[EM] This might be the method we've been looking for:
Andy Jennings
elections at jenningsstory.com
Mon Dec 12 12:39:50 PST 2011
You're right. I've drawn out the game theory matrix and the honest outcome:
49 C
27 A>B
24 B>A
is indeed the stable one, with A winning.
So the only way for B to win is for his supporters to say they are
indifferent between A and C and threaten to bullet vote "B". Then the A
supporters fall for it and vote "A=B" to prevent C from winning. B wins.

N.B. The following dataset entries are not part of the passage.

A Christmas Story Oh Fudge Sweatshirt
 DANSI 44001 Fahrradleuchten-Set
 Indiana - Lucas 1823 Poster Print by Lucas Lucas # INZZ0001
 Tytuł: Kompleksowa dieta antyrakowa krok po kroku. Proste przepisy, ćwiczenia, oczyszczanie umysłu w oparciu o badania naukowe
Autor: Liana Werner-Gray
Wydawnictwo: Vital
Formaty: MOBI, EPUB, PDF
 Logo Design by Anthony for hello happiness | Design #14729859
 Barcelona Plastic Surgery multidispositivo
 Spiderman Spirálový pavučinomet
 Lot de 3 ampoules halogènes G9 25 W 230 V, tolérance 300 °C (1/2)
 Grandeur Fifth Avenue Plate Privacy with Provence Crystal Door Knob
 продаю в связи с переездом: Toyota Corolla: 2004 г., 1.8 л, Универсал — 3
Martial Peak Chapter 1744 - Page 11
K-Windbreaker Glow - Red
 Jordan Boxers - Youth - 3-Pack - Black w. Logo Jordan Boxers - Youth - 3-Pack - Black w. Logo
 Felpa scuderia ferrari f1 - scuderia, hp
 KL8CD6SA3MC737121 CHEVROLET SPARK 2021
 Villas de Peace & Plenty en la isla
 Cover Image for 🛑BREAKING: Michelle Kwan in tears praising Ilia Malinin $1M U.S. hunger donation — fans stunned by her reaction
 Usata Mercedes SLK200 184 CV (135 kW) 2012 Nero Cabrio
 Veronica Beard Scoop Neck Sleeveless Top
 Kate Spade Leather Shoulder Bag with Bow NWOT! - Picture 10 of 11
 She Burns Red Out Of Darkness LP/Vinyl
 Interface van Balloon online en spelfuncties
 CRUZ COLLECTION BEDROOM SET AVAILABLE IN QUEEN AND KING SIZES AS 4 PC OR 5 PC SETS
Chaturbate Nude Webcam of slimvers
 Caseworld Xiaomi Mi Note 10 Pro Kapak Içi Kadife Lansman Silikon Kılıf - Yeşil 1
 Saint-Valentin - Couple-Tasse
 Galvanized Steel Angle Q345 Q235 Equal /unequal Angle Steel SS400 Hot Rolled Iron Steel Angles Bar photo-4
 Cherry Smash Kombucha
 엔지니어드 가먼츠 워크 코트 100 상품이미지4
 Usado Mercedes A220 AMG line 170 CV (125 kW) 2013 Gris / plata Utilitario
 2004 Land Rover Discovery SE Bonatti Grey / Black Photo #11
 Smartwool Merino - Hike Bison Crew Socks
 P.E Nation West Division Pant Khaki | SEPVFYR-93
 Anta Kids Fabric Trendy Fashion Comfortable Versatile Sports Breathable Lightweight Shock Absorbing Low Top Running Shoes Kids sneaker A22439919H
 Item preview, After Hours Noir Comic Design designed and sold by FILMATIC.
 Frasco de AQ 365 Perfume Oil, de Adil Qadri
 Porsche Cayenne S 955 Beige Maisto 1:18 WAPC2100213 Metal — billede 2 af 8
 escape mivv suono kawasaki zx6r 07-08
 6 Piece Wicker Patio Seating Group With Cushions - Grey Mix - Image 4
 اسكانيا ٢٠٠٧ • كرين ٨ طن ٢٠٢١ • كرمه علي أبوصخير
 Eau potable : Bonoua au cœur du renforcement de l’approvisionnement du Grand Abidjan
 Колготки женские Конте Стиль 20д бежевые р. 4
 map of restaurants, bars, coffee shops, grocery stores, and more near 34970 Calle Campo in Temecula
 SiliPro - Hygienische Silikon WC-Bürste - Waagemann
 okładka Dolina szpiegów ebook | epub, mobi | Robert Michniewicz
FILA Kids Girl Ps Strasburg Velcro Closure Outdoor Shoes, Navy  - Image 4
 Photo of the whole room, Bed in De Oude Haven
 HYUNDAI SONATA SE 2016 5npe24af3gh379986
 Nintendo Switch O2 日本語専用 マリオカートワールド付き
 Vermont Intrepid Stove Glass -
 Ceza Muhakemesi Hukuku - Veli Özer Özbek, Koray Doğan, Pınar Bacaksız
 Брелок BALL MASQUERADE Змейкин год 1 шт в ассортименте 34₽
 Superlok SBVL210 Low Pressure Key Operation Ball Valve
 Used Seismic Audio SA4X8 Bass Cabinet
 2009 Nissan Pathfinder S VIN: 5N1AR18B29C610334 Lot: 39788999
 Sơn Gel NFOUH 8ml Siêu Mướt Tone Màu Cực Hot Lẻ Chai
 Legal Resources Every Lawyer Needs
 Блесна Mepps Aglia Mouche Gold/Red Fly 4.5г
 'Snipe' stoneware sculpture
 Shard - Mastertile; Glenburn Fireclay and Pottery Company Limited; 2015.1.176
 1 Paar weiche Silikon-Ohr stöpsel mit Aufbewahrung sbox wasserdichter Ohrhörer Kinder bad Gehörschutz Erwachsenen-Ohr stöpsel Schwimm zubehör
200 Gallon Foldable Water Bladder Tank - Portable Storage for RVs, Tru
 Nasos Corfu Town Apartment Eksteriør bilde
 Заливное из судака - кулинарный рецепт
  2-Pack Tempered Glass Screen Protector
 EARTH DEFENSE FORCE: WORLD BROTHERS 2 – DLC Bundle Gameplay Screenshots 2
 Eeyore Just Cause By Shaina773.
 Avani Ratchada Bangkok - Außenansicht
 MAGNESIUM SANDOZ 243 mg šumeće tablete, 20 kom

I wonder if this is sequence of events is likely at all.
~ Andy
On Fri, Dec 9, 2011 at 2:31 PM, Jameson Quinn <jameson.quinn at gmail.com>wrote:
> No, the B group has nothing to gain by defecting; all they can do is bring
> about a C win. Honestly, A group doesn't have a lot to gain from defecting,
> either; either they win anyway, or they misread the election and they're
> actually the B's.
>
> Jameson
>
> 2011/12/9 Andy Jennings <elections at jenningsstory.com>
>
>> Here’s a method that seems to have the important properties that we
>>> have been worrying about lately:
>>>
>>> (1) For each ballot beta, construct two matrices M1 and M2:
>>> In row X and column Y of matrix M1, enter a one if ballot beta rates X
>>> above Y or if beta gives a top
>>> rating to X. Otherwise enter a zero.
>>> IN row X and column y of matrix M2, enter a 1 if y is rated strictly
>>> above x on beta. Otherwise enter a
>>> zero.
>>>
>>> (2) Sum the matrices M1 and M2 over all ballots beta.
>>>
>>> (3) Let M be the difference of these respective sums
>>> .
>>> (4) Elect the candidate who has the (algebraically) greatest minimum
>>> row value in matrix M.
>>>
>>> Consider the scenario
>>> 49 C
>>> 27 A>B
>>> 24 B>A
>>> Since there are no equal top ratings, the method elects the same
>>> candidate A as minmax margins
>>> would.
>>>
>>> In the case
>>> 49 C
>>> 27 A>B
>>> 24 B
>>> There are no equal top ratings, so the method gives the same result as
>>> minmax margins, namely C wins
>>> (by the tie breaking rule based on second lowest row value between B and
>>> C).
>>>
>>> Now for
>>> 49 C
>>> 27 A=B
>>> 24 B
>>> In this case B wins, so the A supporters have a way of stopping C from
>>> being elected when they know
>>> that the B voters really are indifferent between A and C.
>>>
>>> The equal top rule for matrix M1 essentially transforms minmax into a
>>> method satisfying the FBC.
>>>
>>> Thoughts?
>>>
>>
>>
>> To me, it doesn't seem like this fully solves our Approval Bad Example.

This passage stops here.